20 Nisan 1924'te bu amaçla, gene Teşkilat-ı Esasiye Kanunu adını taşıyan yeni bir anayasaya hazırlandı. 1924 Anayasası’yla yasama ve yürütme yetkileri Türkiye Büyük Millet Meclisi’ne bırakıldı. Meclis yasama yetkisini kendisi, yürütme yetkisini de cumhurbaşkanı ve bakanlar kurulu eliyle kullanıyordu.
Cumhurbaşkanının onayıyla göreve başlayan bakanlar kurulu meclise karşı sorumlu sayılmıştı. Kurtuluş Savaşı döneminden başlayarak anayasa sözcüğü karşılığında teşkilat-ı esasiye kanunu kullanıldı. Anayasa sözcüğü ise, 1960'tan sonra hukuk sisteminde kullanılmaya başladı.
27 Mayıs 1960’taki askeri darbeden sonra yeni bir anayasa hazırlandı. 1961 Anayasası olarak bilinen bu anayasa, halkoylamasıyla yürürlüğe girdi. Bu anayasada egemenliğin ulusa ait olduğu ve ancak yetkili organlarca kullanılabileceği ilkesi benimsendi.

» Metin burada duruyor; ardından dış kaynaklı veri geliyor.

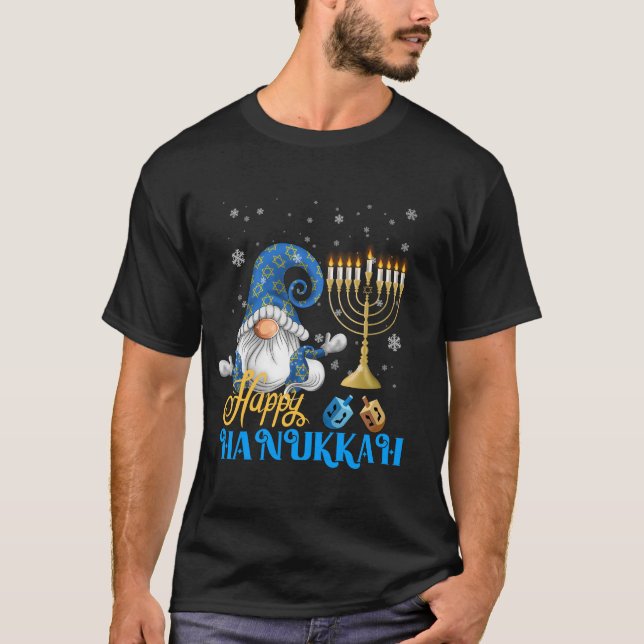 Shalom Gnome Lycklig Hanukkah Chanukah T Shirt (Framsida)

Türkiye Cumhuriyeti insan haklarına dayalı, milli, demokratik ve laik bir sosyal hukuk devleti olarak tanımlandı. Bu anayasayla iki meclisli bir parlamento öngörülmüştü: Millet Meclisi ve Cumhuriyet Senatosu.
Bütün üyelerinin seçimle belirlendiği Millet Meclisi, Cumhuriyet Senatosu'ndan daha fazla yetkilerle donatılmıştı. Bu anayasayla yargı organlarının bağımsızlığı, kişi hak ve özgürlükleri ile sosyal hakların güvence altına alındı. Anayasa Mahkemesi, Danıştay, Yüksek Hakimler Kurulu gibi yeni kurumlar oluşturuldu.
12 Eylül 1980'deki askeri darbeden sonra Milli Güvenlik Konseyi ile Danışma Meclisi (Kurucu Meclis) yeni bir anayasa hazırladı. Bu anayasa 7 Kasım 1982'de yapılan halkoylamasıyla kabul edilerek yürürlüğe girdi. 1982 Anayasası, bazı hak ve özgürlüklere önemli sınırlamalar getirmiş, Anayasa Mahkemesi'nin ve Danıştay'ın denetim yetkilerini azaltmıştır. Son yıllarda, özellikle Avrupa Birliği’ne üyelik sürecinin bir gereği olarak, 1982 Anayasası’nda hak ve özgürlükleri genişletici bir dizi değişiklik gerçekleştirilmiştir.
1982 ile 1961 anayasaları arasında temel bir bakış açısı farkı olduğu şüphe götürmez bir gerçektir. 61 anayasasında Milli Birlik
Komitesi'nin daha geri planda olduğu ve aslında anayasa üzerinde söz hakkının Temsilciler Meclisi'nde olduğu bir sistem izlemiş bunun sonucunda da bu güne kadar Türkiye için çıkarılmış en özgürlükçü anayasa oluşmuştur. Fakat 1982 MGK ile durum tersine dönmüştür.
Bunun en temel nedeni meclislerin çalışamaması olarak daha güzel bir söylemle 61 anayasının getirdiği ince eleyen sık dokuyan sistemin tıkanması olarak gösterilebilir.
Yürütmenin üzerinde büyük bir güç haline gelmiş olan yargı organları onun her işine müdehale edebiliyor bu sırada meclis kısır döngüler arasında dönüp dolaşıyordu. Askerler bu durumda bir "Danışma Meclisi" kurmuş fakat bu meclisin sesi cılız olmaktan öteye gidememiştir.
2001 değişikleri ile anayasaya yeni açılımlar getirilmesine rağmen bazı alanlarda hala çok büyük boşlukların olduğu görülmekte ve bazı maddelerin doktrinde açıklanması büyük teknik sorunlar ortaya koymaktadır.